The table containes single experiment results. Those can be aggregated, e.g. to generate the mean over all seeds. 

In [8]:
result_table_agg = experimenter.get_table().groupby(['dataset']).mean()
result_table_agg

  result_table_agg = experimenter.get_table().groupby(['dataset']).mean()
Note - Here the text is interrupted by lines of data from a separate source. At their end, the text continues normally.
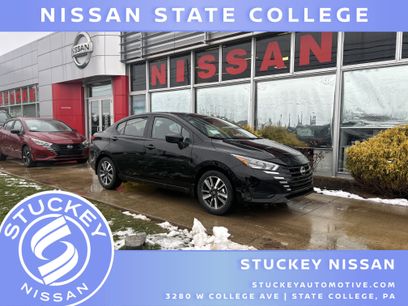 New 2025 Nissan Versa SV w/ Trunk Package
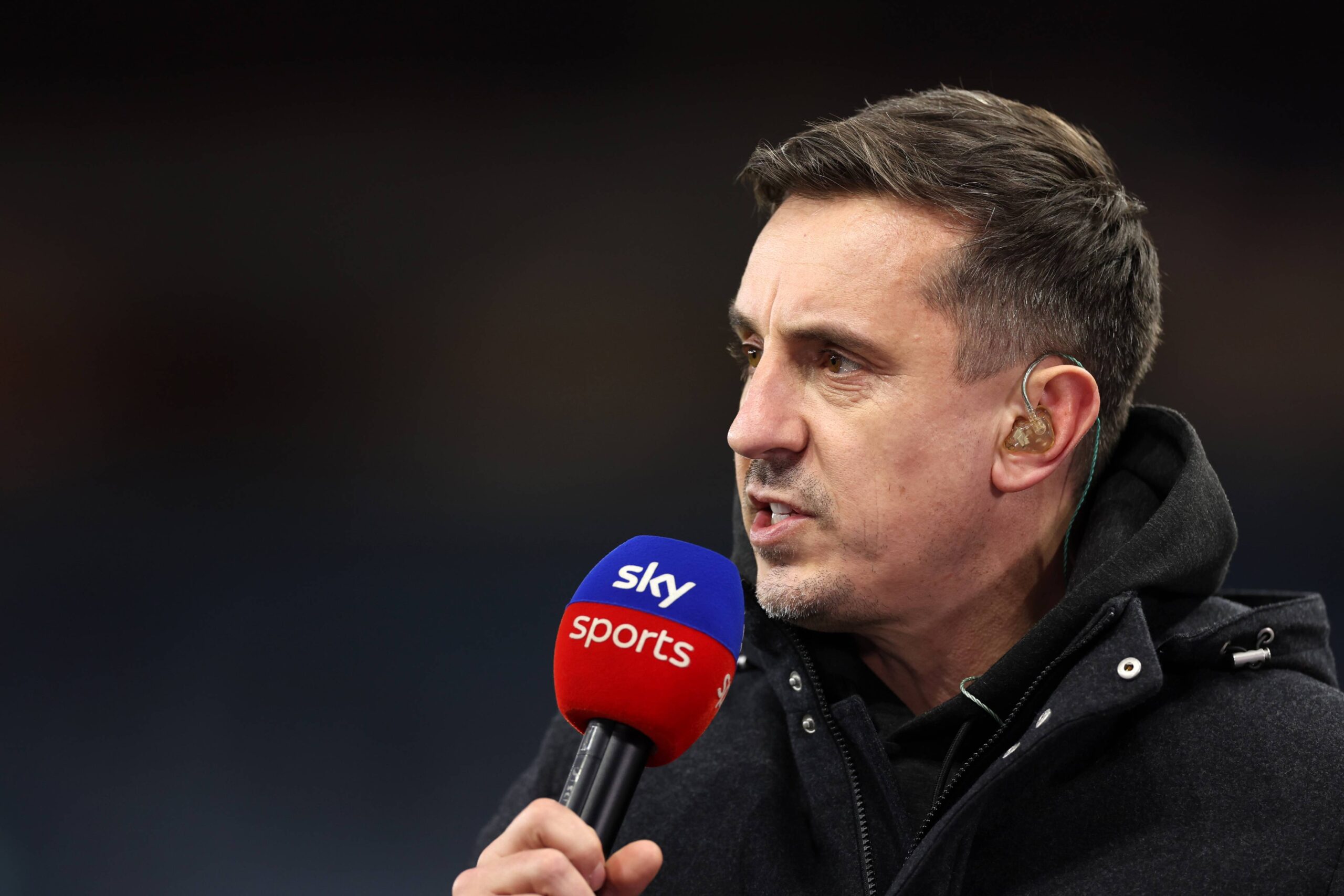Royaume-Uni : Gary Neville critique le jeu offensif d’Arsenal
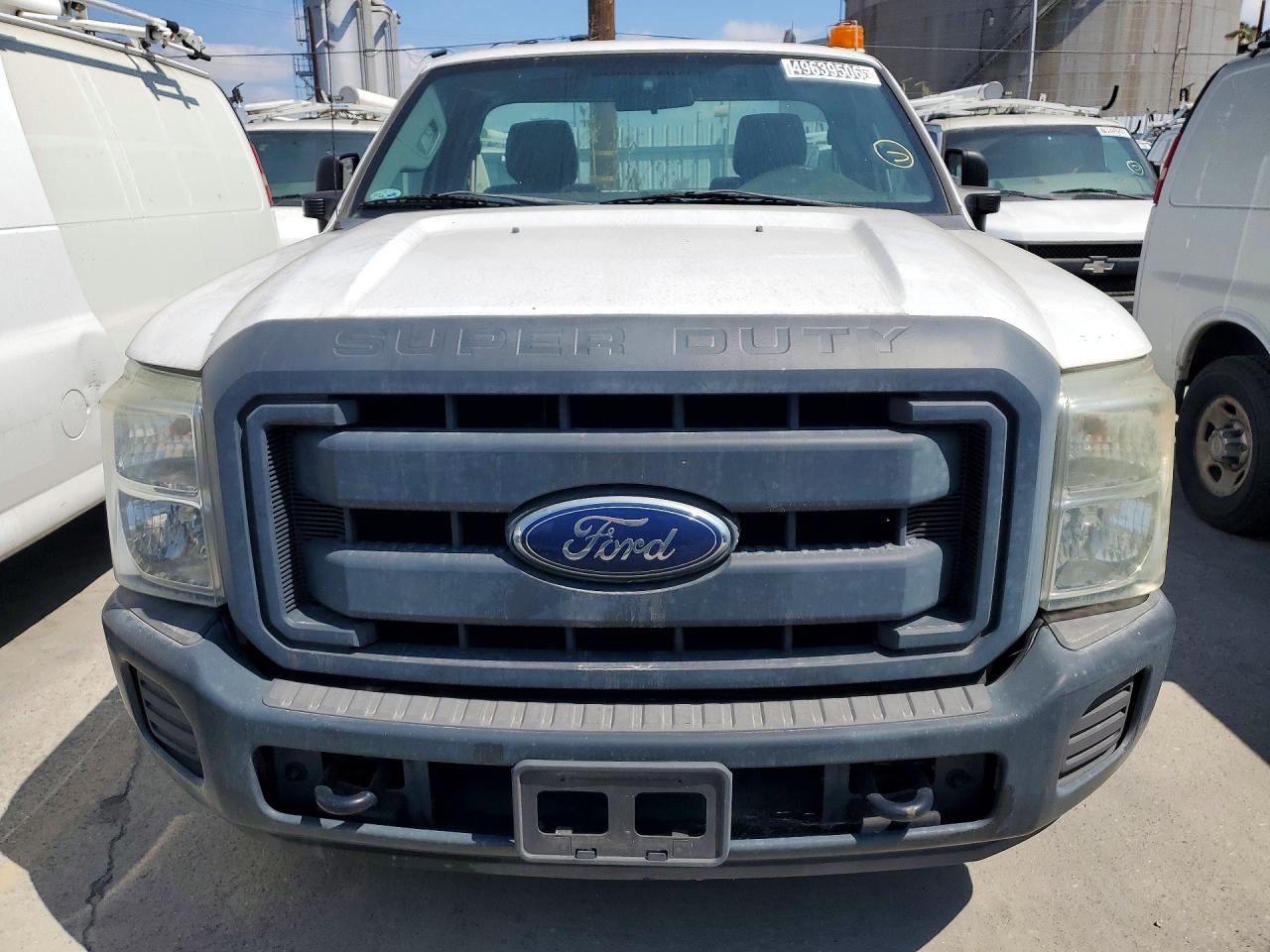 2013 Ford F250 Super Duty White vin: 1FTBF2A66DEB81958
Unnamed: 0_level_0,ID,cross_validation_splits,seed,train_f1,train_accuracy,test_f1,test_accuracy
dataset,Unnamed: 1_level_1,Unnamed: 2_level_1,Unnamed: 3_level_1,Unnamed: 4_level_1,Unnamed: 5_level_1,Unnamed: 6_level_1,Unnamed: 7_level_1
iris,7.692308,4.846154,6.923077,0.947692,0.947692,0.943077,0.943077
new_data,23.0,3.0,42.0,,,,


### Printing LaTex Table

As `pandas.Dataframe`s can easily be printed as LaTex table, here is an example code for one of the above result columns. 

In [9]:
print(result_table_agg.to_latex(columns=['test_f1'], index_names=['dataset']))

\begin{tabular}{lr}
\toprule
{} &   test\_f1 \\
dataset  &           \\
\midrule
iris     &  0.943077 \\
new\_data &       NaN \\
\bottomrule
\end{tabular}



  print(result_table_agg.to_latex(columns=['test_f1'], index_names=['dataset']))